If you're like most people who are considering bankruptcy as a way of easing their personal debt burden, you're probably a little bewildered by some of the terminology thrown around on web sites that discuss bankruptcy and its protections.
Bankruptcy procedures are dictated by federal and state laws, and so there are many terms and phrases with specific legal meanings that are not a part of everyday speech. Although the language of bankruptcy may be unfamiliar, the protections that bankruptcy offers are very real.
To find out what bankruptcy could do for you, connect with a local bankruptcy lawyer today. Just use the case review form below to arrange a free, no-obligation consultation with a bankruptcy attorney near you.
Common Bankruptcy Terms
It's difficult to understand the bankruptcy process when it's described in complex legal jargon, and the last thing most potential bankruptcy filers need is one more source of worry. Here's a look at some important bankruptcy terms and what they might mean for you.
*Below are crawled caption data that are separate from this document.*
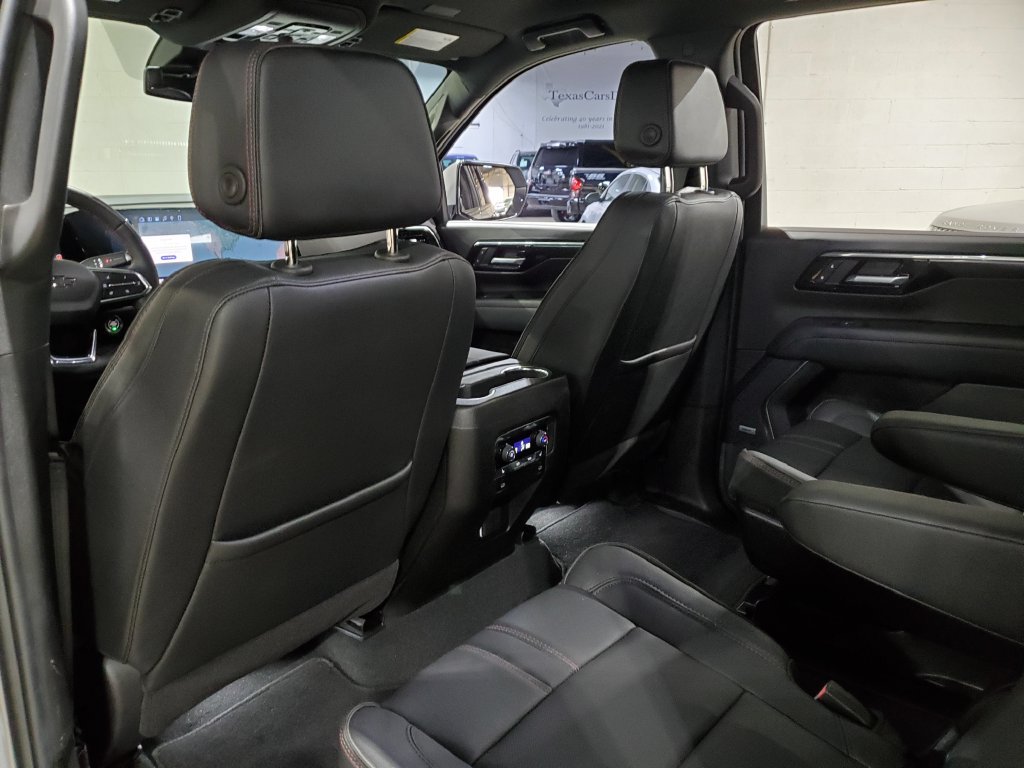 Used 2026 Chevrolet Tahoe RST w/ Comfort Package RWD image 26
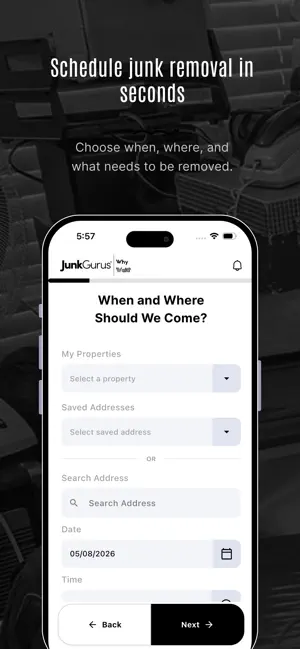 JunkGurus - Why Wait screenshot 4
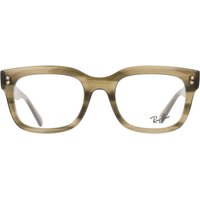 レイバン Ray-Ban RX7217 Chad 8468 サングラス - 男性用 - 緑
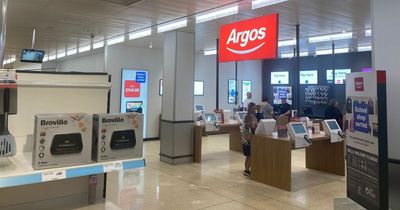 Argos bans 'sexist' phrase after complaints from customers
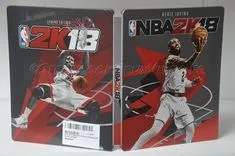 NBA 2K18 [Steelbook Edition]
- Bankruptcy petition: This refers to the paperwork you file to officially start your case. The petition includes several "schedules," which are simply documents detailing your debts, assets, income and other financial matters. Because of this term, bankruptcy filers are also sometimes called "petitioners."
- Automatic stay: This is a legal protection that takes effect as soon as a petitioner files paperwork with the court. It prevents creditors of all sorts from taking any collection action (including repossession, wage garnishment, foreclosure, phone calls and more) for the duration of the bankruptcy case.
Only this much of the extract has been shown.